WHAT THE TASK REQUIRES:
Take the lines in the listing below from the line with "Blumarine Home Grey" up to and including the line with "Tommee Tippee Natural" and set them down exactly, skipping pictures and adding nothing.
*** Opening of INPUT RECORDS ***
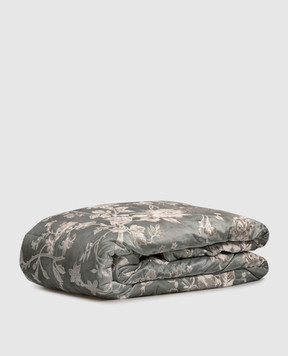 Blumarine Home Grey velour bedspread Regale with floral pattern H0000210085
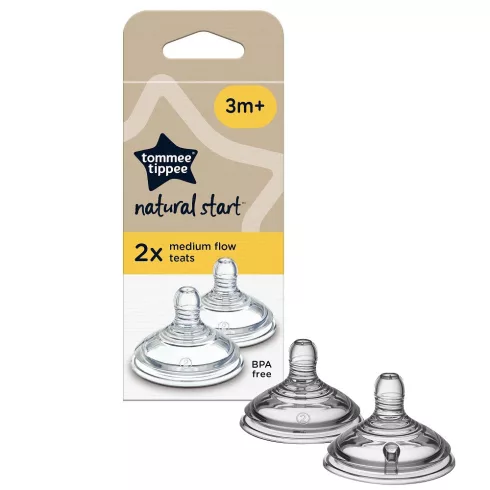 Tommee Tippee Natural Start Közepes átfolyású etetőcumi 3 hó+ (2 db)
*** Close of INPUT RECORDS ***
*** Opening of INPUT RECORDS ***
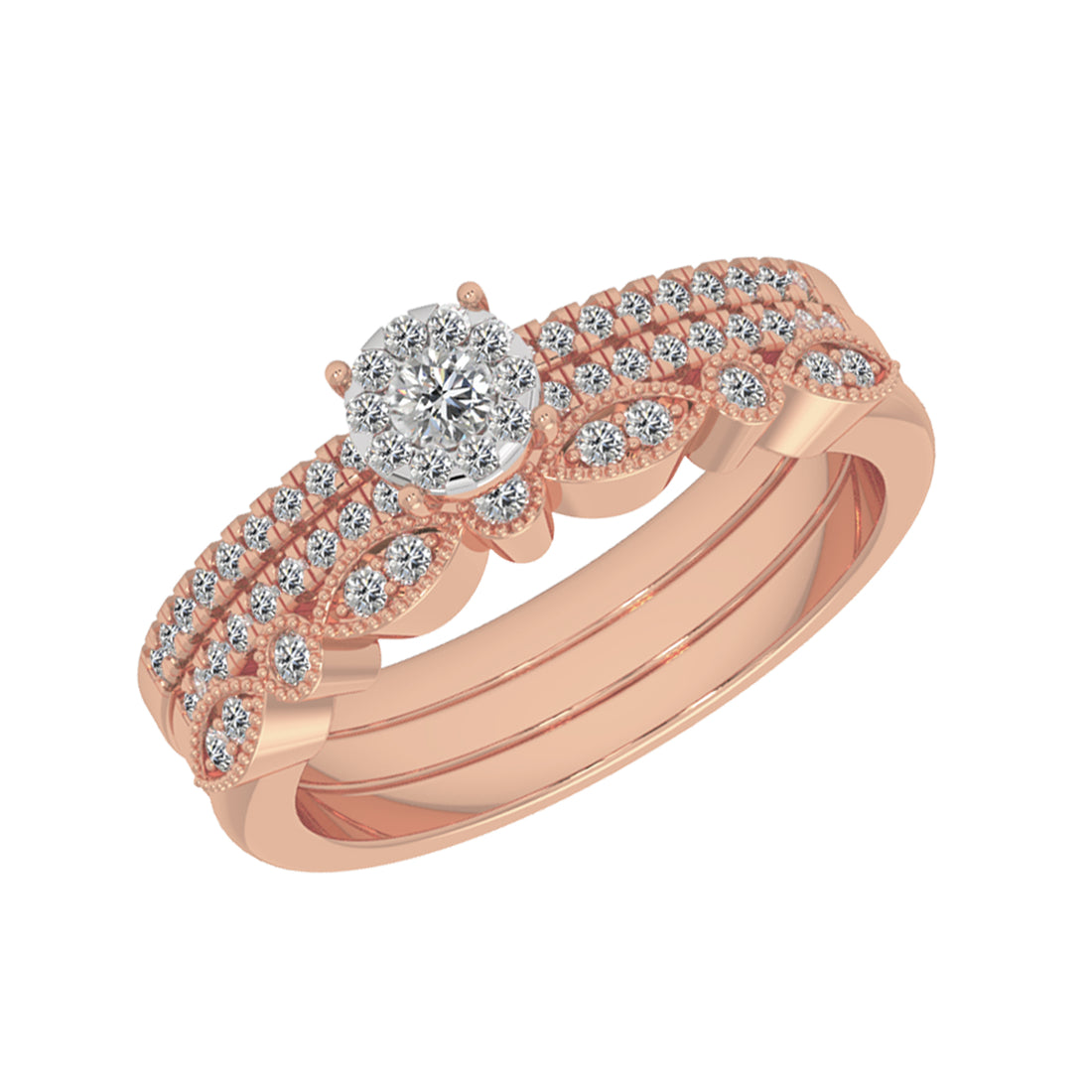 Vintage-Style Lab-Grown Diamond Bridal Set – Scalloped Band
*** Close of INPUT RECORDS ***
*** Opening of INPUT RECORDS ***
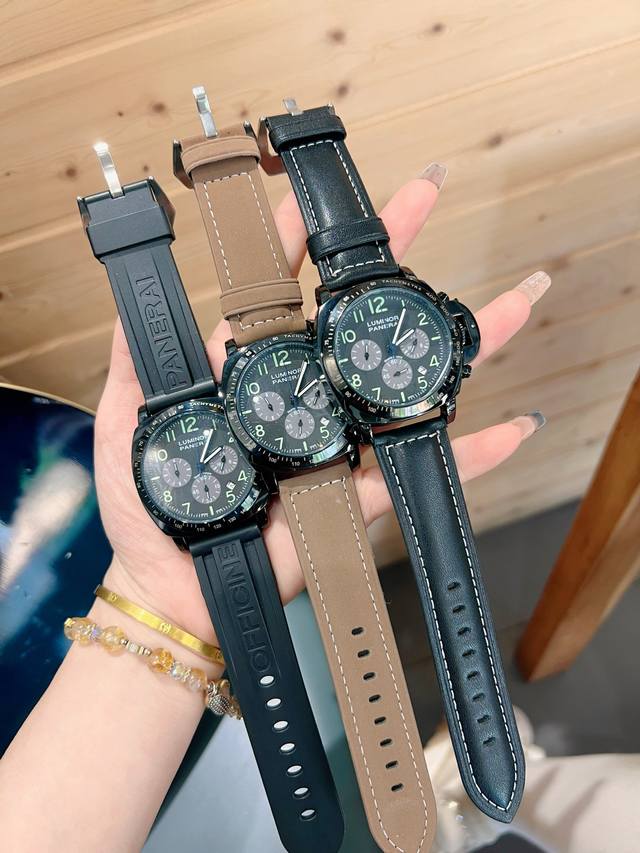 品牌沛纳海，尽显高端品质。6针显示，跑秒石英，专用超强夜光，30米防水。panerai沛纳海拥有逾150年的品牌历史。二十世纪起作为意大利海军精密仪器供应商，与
*** Close of INPUT RECORDS ***
PROBLEM SOLUTION:
 Blumarine Home Grey velour bedspread Regale with floral pattern H0000210085
 Tommee Tippee Natural Start Közepes átfolyású etetőcumi 3 hó+ (2 db)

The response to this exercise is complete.